Like the early Christian church, you have yourself experienced human sin and brokenness. This could be about any community of which you are a part, right? Maybe you’ve been around Faith Lutheran Church long enough to experience tensions with others, to be disappointed with others in the Christian community. Or maybe you’ve been in your marriage long enough to know disappointment with one another. Or maybe you have known with other members of your family experiences of real betrayal.

But life in Christian community, like life in marriage, only begins to get serious when you learn how to disappoint one another, and how to do it well. That’s what Matthew 18 is about: when we disappoint one another, how do we do it well, in a way that takes seriously the brokenness … note that Jesus does not tell us to just let it go, as common wisdom would so often advise. No, this is all about the importance of the truth, of what’s real, so he doesn’t say let it go; he says go to the other, and that is so different. He says, take the brokenness just that seriously.

So while it’s rather obvious, and while I have pointed out, that Matthew 18 takes seriously Christian brokenness, I’ll end by pointing out that Matthew 18 takes equally seriously the gift that is relationship, community,– especially community in Christ. I mean, think about what Jesus is pushing us to go through for the sake of restored relationship, community: If the relationship is broken, then first go yourself. Then go with a couple more, then the whole church, then let that person be to you a continuing target of your Christian mission – man, that’s a lot of work, a lot of investment, that Jesus is expecting of us on behalf of a person who – pardon me, Jesus, but isn’t this the person who in the first place sinned against me? That’s what Matthew 18 is about: the God-given gift that we are to one another, the community, is of such value in God’s sight that you never throw another person away. You invest, you go back, again and again. And again. And again.

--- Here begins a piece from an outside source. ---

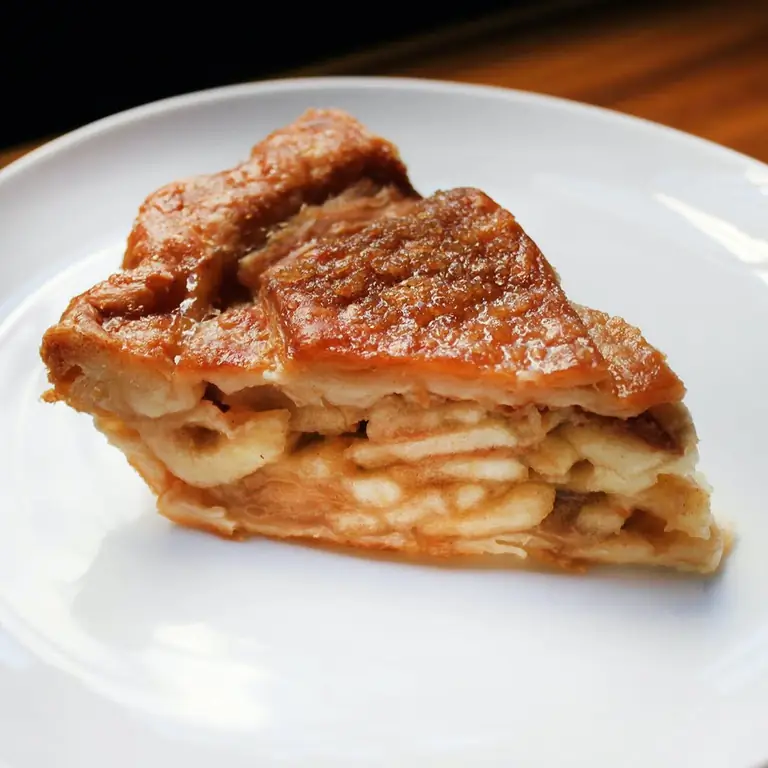Кусочек яблочного пирога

I forget that sometimes. Once when I forgot it, a friend of mine who is a person of deep faith reminded me. This was after I spent a considerable amount of time with her griping about the brokenness, of my relationship with someone in the church. She heard me out, patiently. But then she lifted a hand like this and said, “With that person, with that issue, let me tell you something: Love, in every conversation with her. Love, in every e-mail message. Love, in every single interaction. Bob, you gotta be absolutely relentless on this one.”

You be relentless, for the sake of community. Relentless – go again and again! – to lift that word of justice and honesty and the truth. Relentless, in investing in the other. You be relentless, for the sake of community. That’s what Matthew 18 is about.